Although they do their best to avoid each other, orca in our waters have been given a helping hand from a round-the-world race boat, Suzanne McFadden reports.
Whales and dolphins have historically been on the receiving end of unwelcome close encounters with round-the-world sailors.
Sir Peter Blake’s Whitbread yacht Lion New Zealand struck a whale on its way into Auckland in 1985, destroying its rudder. The injury to “Winifred” the whale was never logged. In the 2011-12 race, the Kiwi boat Camper “skimmed” across a whale in the North Atlantic, with helmsman Chuny Bermudez avoiding a high-speed collision which “could have been the equivalent of a runaway freight train colliding with a truck”.
Collisions between yachts and UFOs – unidentified floating objects – are a rising concern at sea.
But in a reversal of fortune, some of New Zealand’s most vulnerable marine mammals are receiving the generous attention of a boat in the Volvo Ocean Race.
It’s all part of Vestas 11th Hour Racing’s mission to leave a lasting legacy beyond the famous round-the-world race.
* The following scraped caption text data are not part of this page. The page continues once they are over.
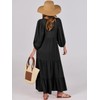 ANRABESS Womens Boho Maxi Dresses 2025 Summer V Neck Puff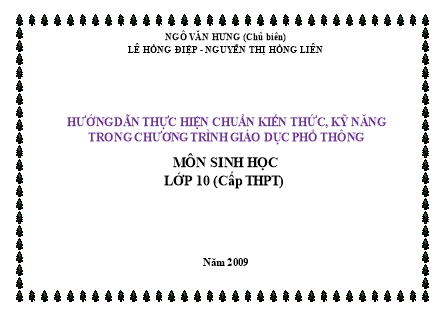 Hướng dẫn thực hiện chuẩn kiến thức, kỹ năng trong chương trình giáo dục phổ thông môn Sinh học lớp 10 (cấp THPT)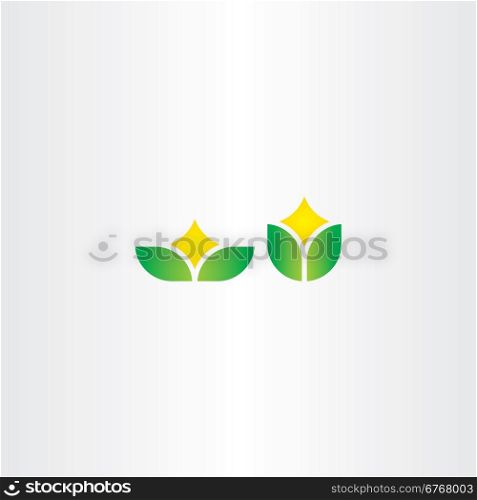 eco green natural leaf with star flower symbol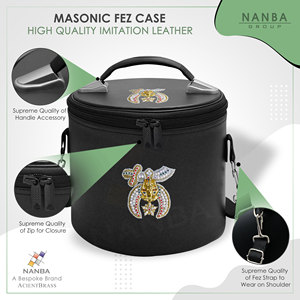 Étui pour fez maçonnique Shriner du Groupe NANBA, en cuir noir, avec emblème brodé à la main, fait main, léger, fermeture éclair, personnalisable - Product Image 5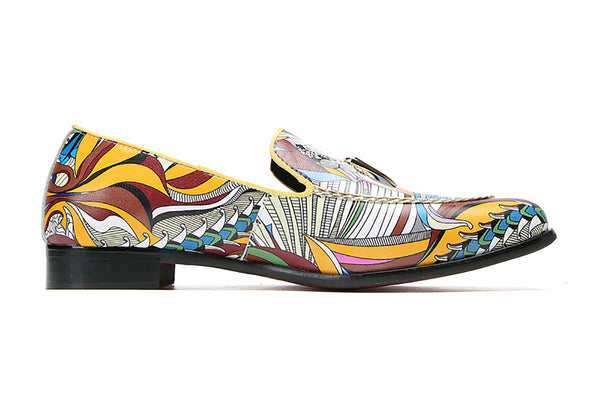 Santimon Men's Fashion Graffiti Kiltie Tassel Loafers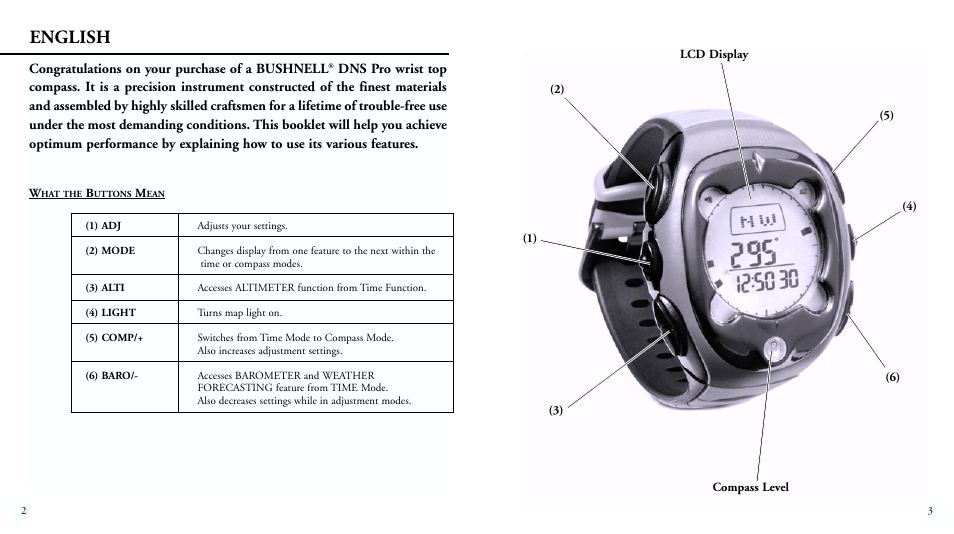 English | Bushnell DIGITAL NAVIGATION 70-0102 User Manual | Page 3 / 51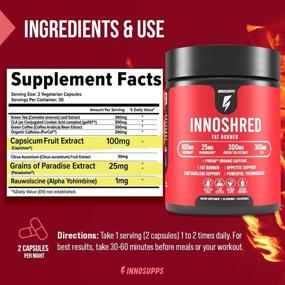img 3 attached to 🔥 Inno Shred - Daytime Fat Burner with 100mg Capsimax, Grains of Paradise, Organic Caffeine, Green Tea Extract, Appetite Suppressant, Weight Loss Support (60 Veggie Capsules) - Enhanced with Stimulants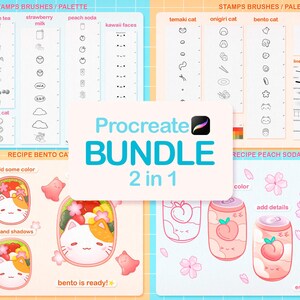 Procreate Pinsel Anime, Anime Procreate Stempel, Kawaii Pinsel, Anime Food Stamps, süße Pinsel, Japanischer Procreate Stempel, Sakura Stempel Bild 2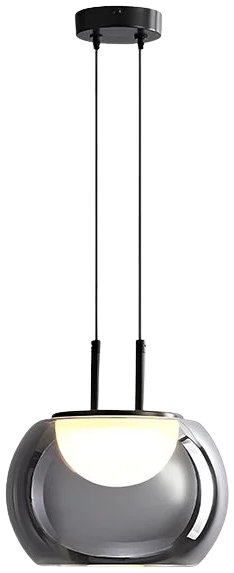 Lámpara colgante metal negro vidrio humo 19cm 5W LED - RILC0014
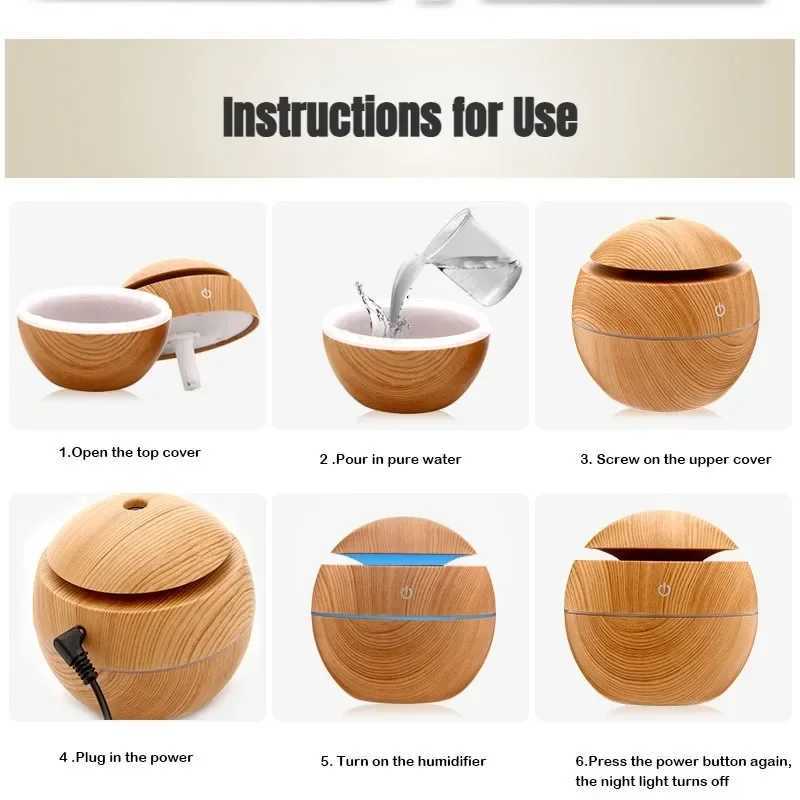 2024 New Wood Grain Vase Humidifier USB Car Close His Colorful Luminous Super Silent Humidifier Holiday Gift for Friends Y241104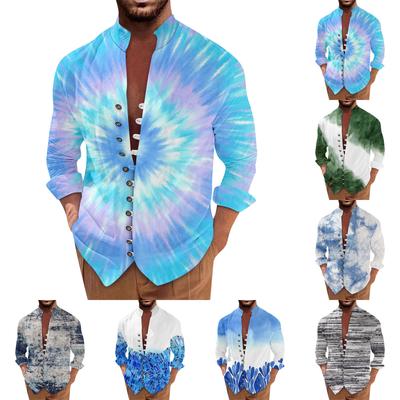 Camisa de Hombre Retro Casual de Corte Holgado de Manga Larga Estampada Moda Top de Cuello Mao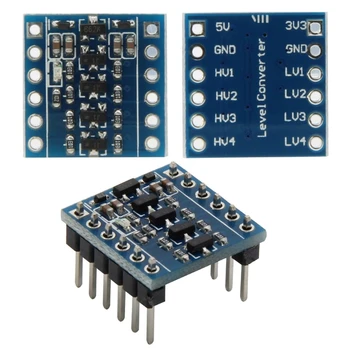 4-Канальный Модуль двунаправленного преобразователя уровня 3,3 В-5 В 5 В-3,3 В IIC UART SPI TTL С Лампой 4-полосного преобразования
And its noble objective dovetails neatly with this Volvo Ocean Race’s strong environmental message – to improve the health of the world’s oceans and reduce its own footprint on the globe.
In all 12 ports the race stops in, the Vestas 11th Hour Racing team make a US$10,000 grant to a local environmental organisation they believe can make a difference to ocean health.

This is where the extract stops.